**Task description**
Pictures stay out of the output. Return exactly the lines below from the one with "Aeropostale Varsity Squad" down to the one with "Thin & Crispy", both included, and nothing more.

═════ Record set

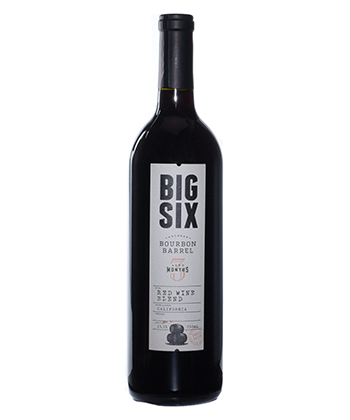 Big Six Bourbon Barrel Red Blend is one of the most popular red blends in America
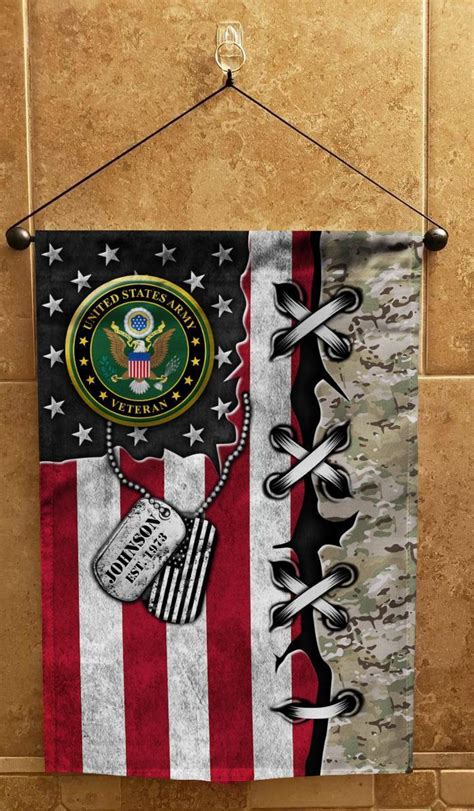 Custom Garden Flag For United States Army Veteran Lf2 All Over Printed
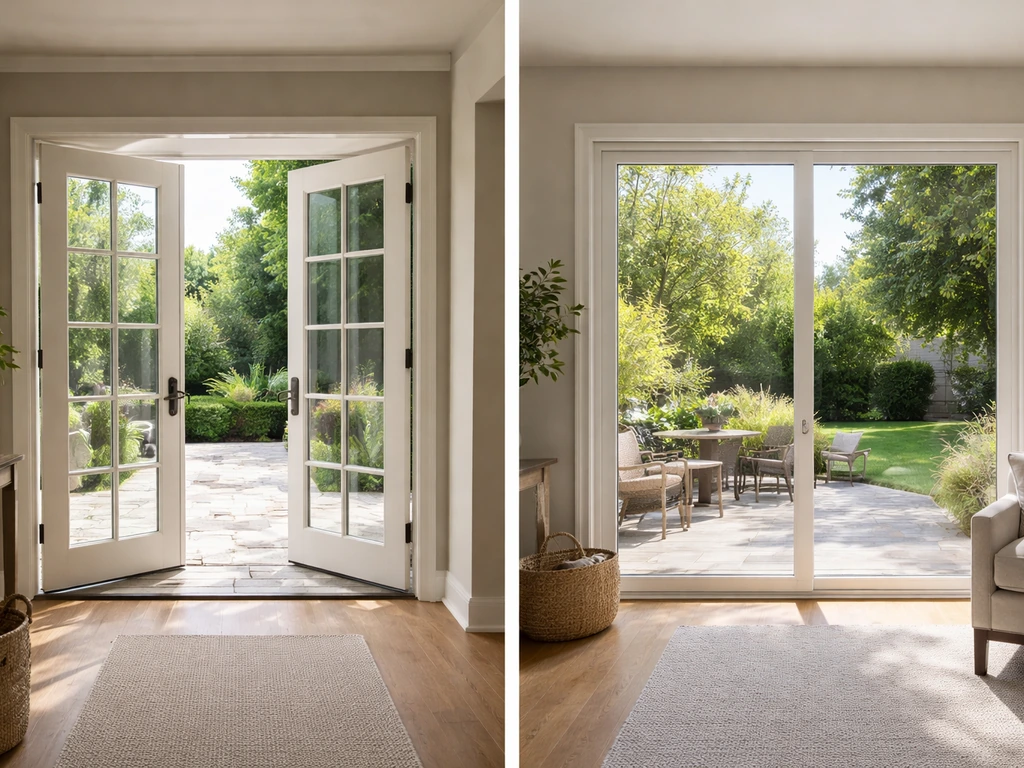 difference between french doors and patio doors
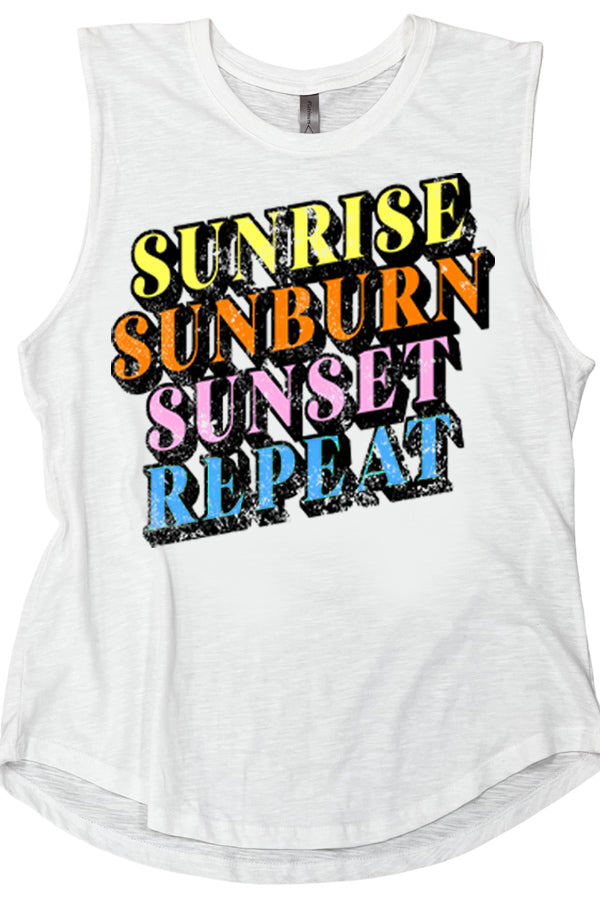 Sunrise Sunburn Tank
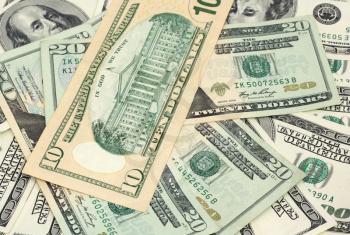 American dollars background / USD background texture 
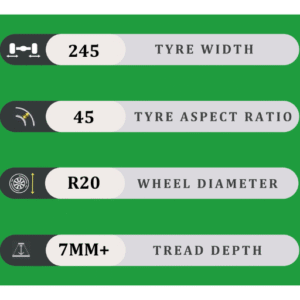 245/45/20 7MM+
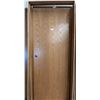 Image 1 : wood door and frame 32"w 78.5h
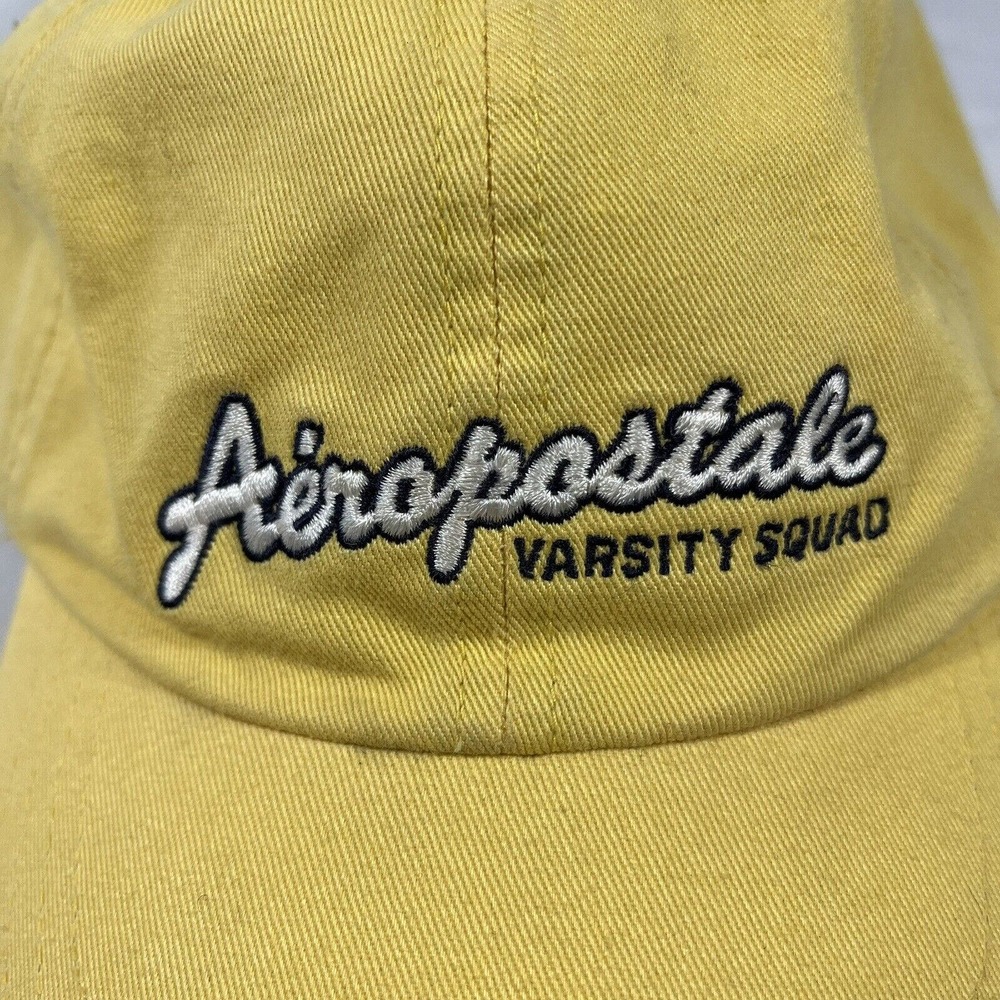 Aeropostale Varsity Squad 1987 Strapback Baseball Hat Cap Yellow One Size Fits - Picture 5 of 11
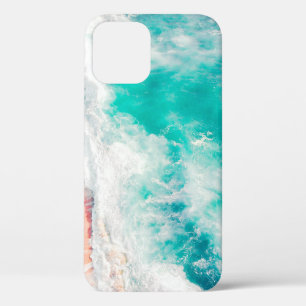 Funda Para iPhone 12 Vista aérea de las olas del océano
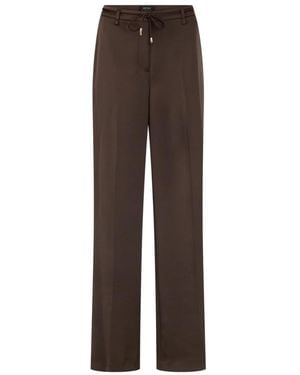 Marc Cain Wide Trousers - Marrone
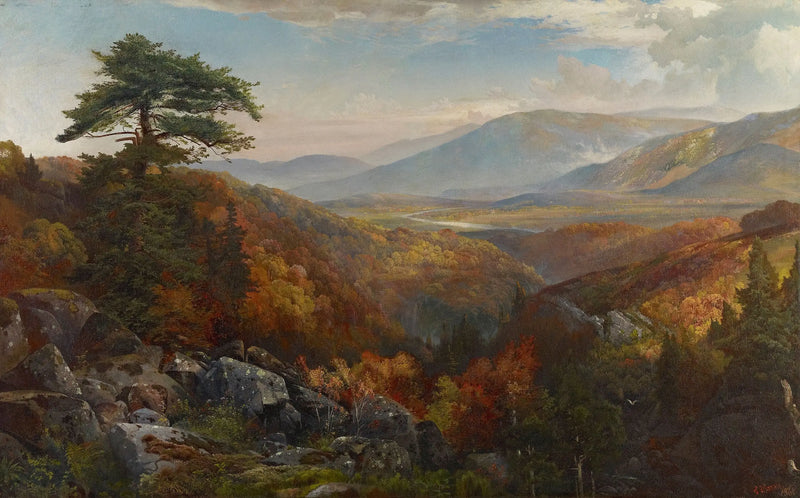 Valle de Catawissa en otoño - Thomas Moran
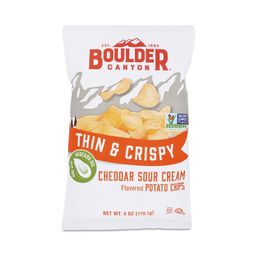 Thin & Crispy Potato Chips, Cheddar Sour Cream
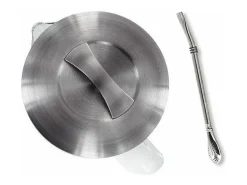 Decantador de té helado 1,5 litro + pajita de acero inoxidable con filtro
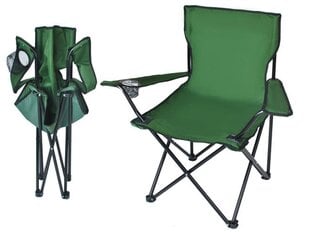 Makšķerēšanas krēsls, zaļš, K8003 cena un informācija | Tūrisma mēbeles | 220.lv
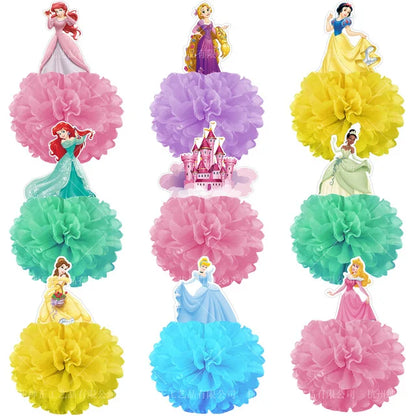 Princess Centerpieces Party Centerpieces Table Party Supplies Desk Decorations Party Favor for Girls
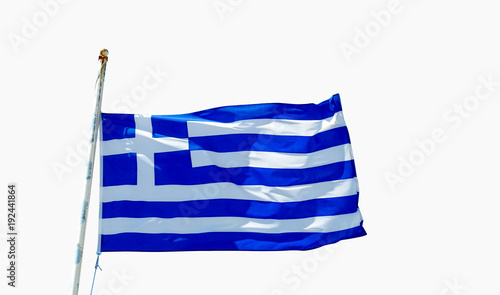 Flag of Greece Flying in Wind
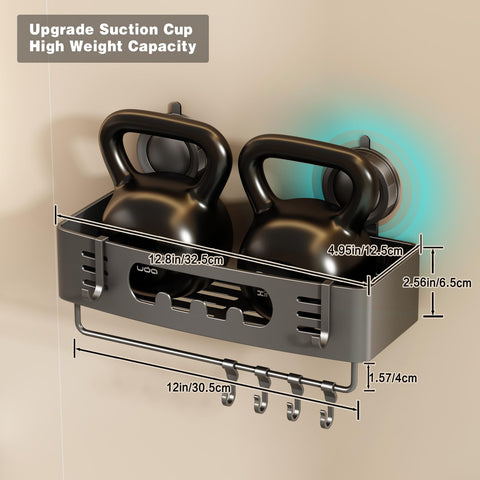 Voldra aluminum rust-proof shelf for durable bathroom storage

══════════

**Completed task**
 Aeropostale Varsity Squad 1987 Strapback Baseball Hat Cap Yellow One Size Fits - Picture 5 of 11
 Funda Para iPhone 12 Vista aérea de las olas del océano
 Marc Cain Wide Trousers - Marrone
 Valle de Catawissa en otoño - Thomas Moran
 Thin & Crispy Potato Chips, Cheddar Sour Cream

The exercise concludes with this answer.